Distilo's diploma film from Centro Sperimentale di Cinematografia, Unexpected is a documentary on the demand for political asylum in Italy. It was screened in 2005 at the Festival dei Popoli in Florence, in 2006 at Berlinale (section Forum), an Alicante Film Festival, where the movie won the prize as best documentary, at the Arcipelago Film Festival in Rome, where it won the jury's special mention, at the El ojo cojo festival in Madrid, at the Unheard Voices festival in London and many other minor festivals.

Poet Erri De Luca composed a poem for the movie entitled Them (Loro).

==Synopsis==
Those who seek political asylum in Italy fear for their very survival.

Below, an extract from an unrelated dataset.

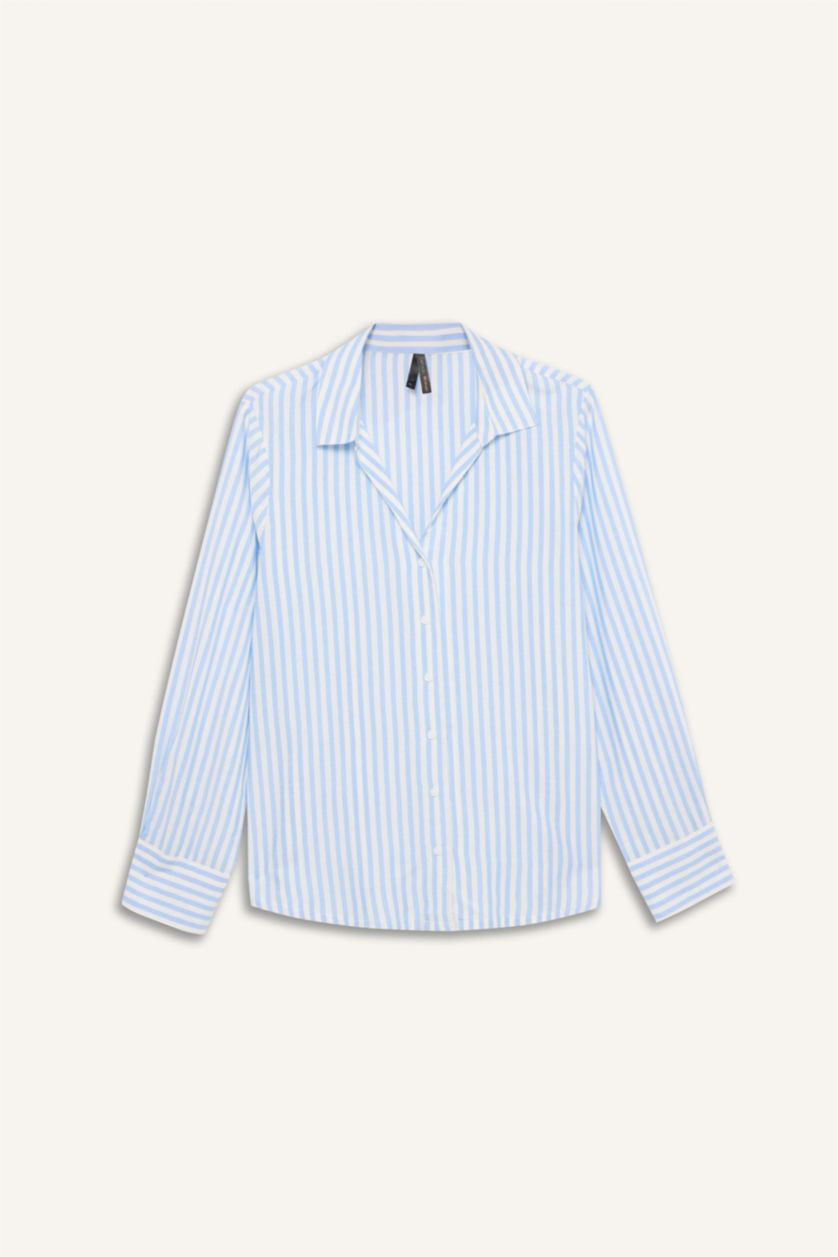 FEMME Bleu Chemise manches longues à col chemise Coupe décontractée édition Journée de la femme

They are forced to wait for several years, are forbidden to work and receive no assistance from the State. They are not provided with lodging, food or information. The refugees set up communes, building shelters, squatting derelict buildings near to centres of agricultural employment and frequently move around according to the harvest season. They survive thanks to their network of solidarity, voluntary organizations and black market work. Starting in Rome where a vast community has squatted the old state railway warehouses next to Tiburtina station, the film traces stopovers in the journey of a nomadic population of asylum seekers who, crossing the Italian peninsula, must head for the centres of seasonal harvesting in order to survive. A geographical exploration of the exile of heroes, deserters and refugees from the wars in postcolonial Africa: the new migrants of Europe.